いつの頃からか、私はファンタジーという言葉を使わないようになった。自分がものを書く上で一番大切に思っていることは、人間性の奥深く、森羅万象とリンクするような普通の流れがあるところまで、当の書き手を含む、読者を導いていくような「何か」であり、その「何か」はかえってさりげなく差し出したほうが、「普通の流れ」を見つけやすく、そして自分の性にも合っているような気がしたのだった。
果報者ササル/ジョン・バージャー
後半は難解というか、よく意味が分からない文章になっているように思える。ジョン・バージャーが田舎の医師の観察を通して、どのようなことをひきだしていくのかという点に興味があったがいまひとつ読みきれなかった。
南総里見八犬伝/曲亭馬琴
日本文学史上最大の長編小説らしい。完全翻訳も未だ出ていないらしい。

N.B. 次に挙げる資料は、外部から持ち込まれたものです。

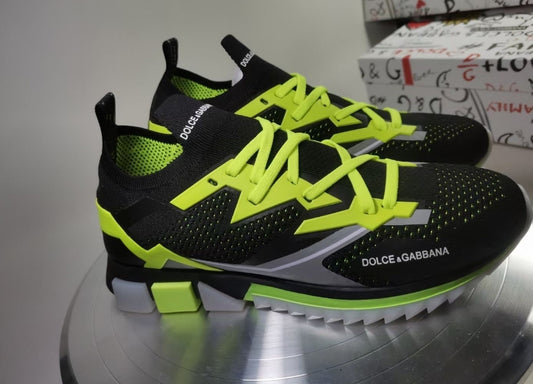 les chaussures Dolce & Gabbana Femme sont un témoignage de l'engagement de Dolce & Gabbana à combiner style et sophistication.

だけど物語の筋はもともと自分にとってはどうでもよく、とにかく文章のテンポ・リズム感が素晴らしく、この小説を読んだあと七五調に収まらない文章がすべて気持ち悪く見えた。
神々は繋がれていない/ケン・リュウ
ケン・リュウ短編傑作集の6巻目。石川慶監督による『Arc』の映画化が楽しみ。ってもう公開されているのか!!
ふすま - 文化のランドスケープ/向井周太郎
ふすまとは「伏す間」つまり寝室に設えるものであるところとか、障子によって「気に障る」つまり、湿気や冷気(またはもののけ)などのケに障れてもらうことにより、その奥の間を守る技術だったところとか、紙と木で作られた日本家屋の魅力を設えから解き明かす一冊。
ジーノの家/内田洋子
痺れた。文字通り、つま先から髪の毛までぐるりと一周超えて背骨に到達するまで痺れた。タイトルにもなっている「ジーノの家」、それから「私がポッジに住んだ訳」「船との別れ」はすごかった。
ミラノの太陽、シチリアの月/内田洋子
ジーノの家の続編にあたる一冊。とにかく良すぎて何も言えない。「鉄道員オズワルド」「海の狼」「シチリアの月と花嫁」どれもすごかった。
旅と料理/細川亜衣
旅も料理も好きなので、旅と料理の本とかないかなと思っていたらドンピシャのタイトルで突然目の前に現れた本。海外旅行に行けるようになったらどこに行こうかと想像しながら一晩に一章読むのが楽しい一冊だった。
ビジネス・フォー・パンクス/ジェームズ・ワット
「死ぬ気でやれ」か「死んでもやるな」のどちらかで基本的に書いてあるので、これ以上ないくらい論旨明快。クラフトビール飲みたくなるね。